Tears fell like bright crystals, following the scars along her cheeks
, only to instantly darken as they hit the river, to break and swirl away as if they were in fact drops of blood.
“And now she has no body at all?” whispered the woman. “She is a creature of Death? That is what I have become?”
Lirael drew Saraneth and was about to ring it, to command an answer to her question, when the woman looked directly at her, and their gazes met.
“My name is Clariel,” she said very clearly. “Abhorsen, please help me die the final death. We must hurry, before she comes.”
Chapter Thirty-Eight
WASTED FISH UPON THE RIVERBED
In Death/Greenwash Bridge
She comes?” asked Lirael. “Chlorr?”
“Her, and many Dead servants,” said Clariel, almost dreamily. “She leaves a great battle, being fought by a mighty river . . . it is the Greenwash, I think, though strangely dry . . . I am . . . she is furious, enraged that I am awake, that I know myself again. It has come when she is most busy, the battle needing her direction . . . but now she must come here . . . to snap me up, make us whole again . . . No . . . no . . . You must help me go before she comes! I am the lesser part, I will not be able to resist should she draw close.”
“I’m trying,” said Lirael through gritted teeth. She had put Saraneth away and knelt back down into the icy water to lift a coil of the dark cable. But she still could not determine how the spell-rope had been made. Several bells had been used in its weaving, and she simply did not know how to unravel it. “Who comes with Chlorr? How many exactly?”
“Dozens,” said Clariel. “Shadow Hands. I am afraid of you, I mean she is, but not as much as if it were Sabriel.”

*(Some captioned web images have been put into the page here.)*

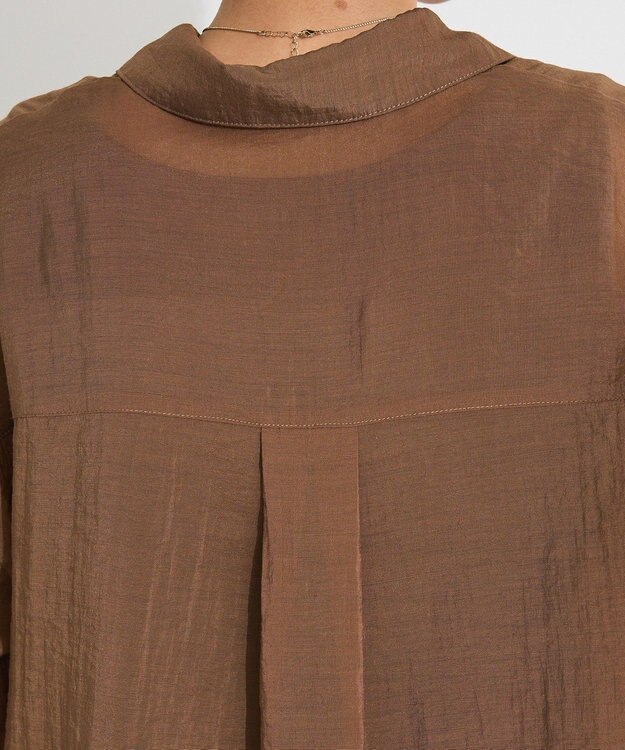 CRAFT STANDARD BOUTIQUE シアーシャツ Brown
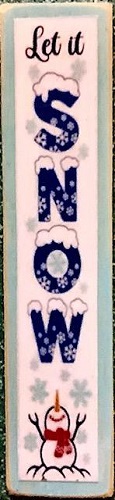 Porch Board - Snowman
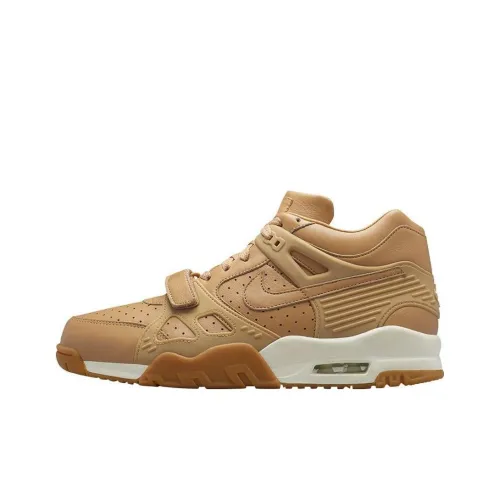 Nike Air Trainer 3 Амортизация Низкий Топ Винтажные Баскетбольные Кроссовки Мужские Коричневые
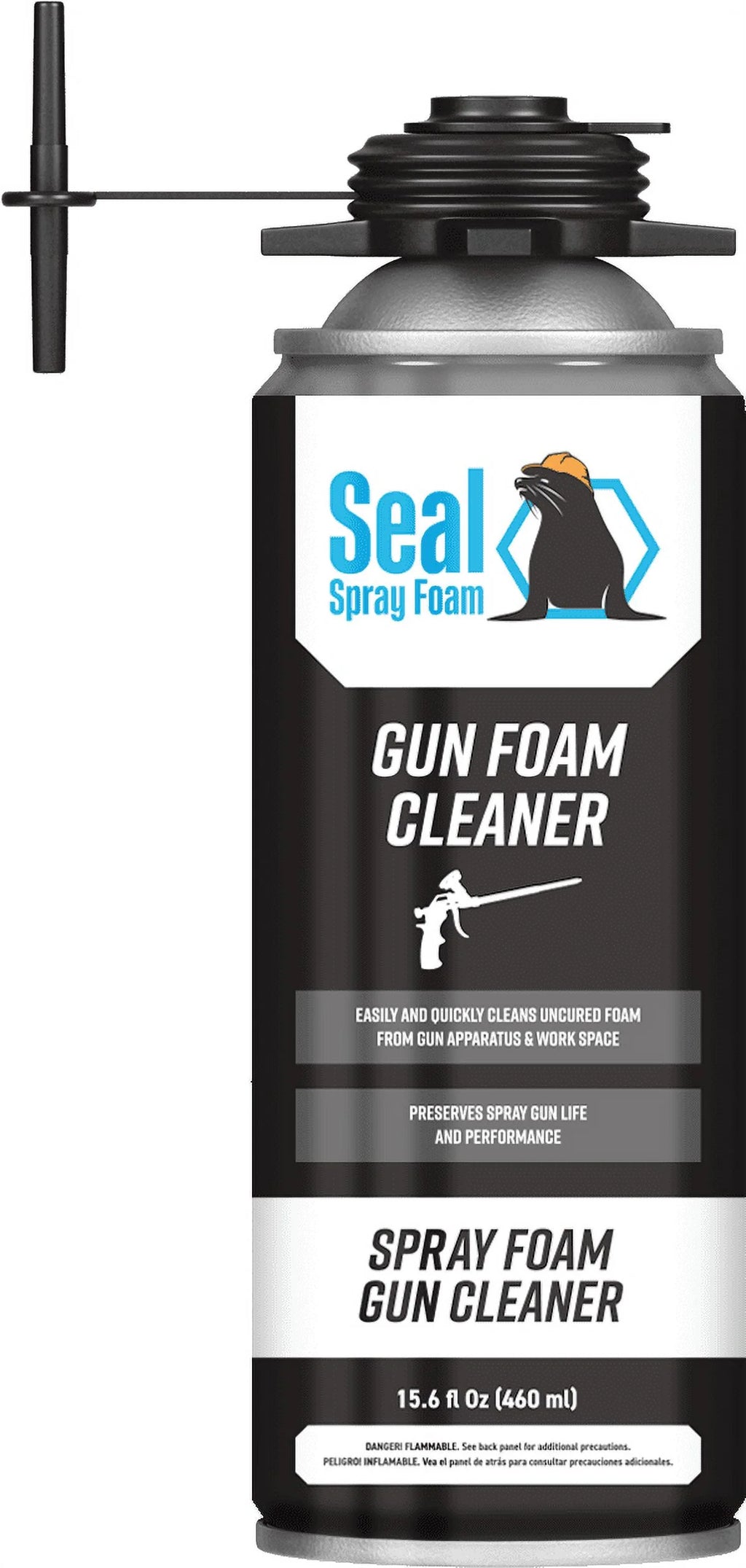 Spray Foam Can Kit with 2 Angled Gun Foam Applicators, 2 Cans of Cleaner, 1 pair L gloves, 1 pair XL gloves, 2 pair Safety Glasses W442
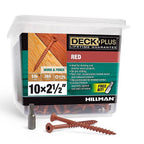 Deck Plus 48430 No. 10 x 2-1/2 in. L Star Flat Head Exterior Deck Screws 5 lb.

“How do you know about Sabriel—” Lirael started to say. Then a horrible thought crossed her mind. “You can see what Chlorr sees, you know her thoughts. Can she do the same with you?”
“Yes,” said Clariel. “Of course. We are one. Though I am slow, there is so much in my head, her head, so many things done. Terrible things . . . I am what she was, she is what I became. Hurry, there is little time. I do not know Death as she does. She comes swiftly and thinks she will soon slay you and take me back. Hurry!”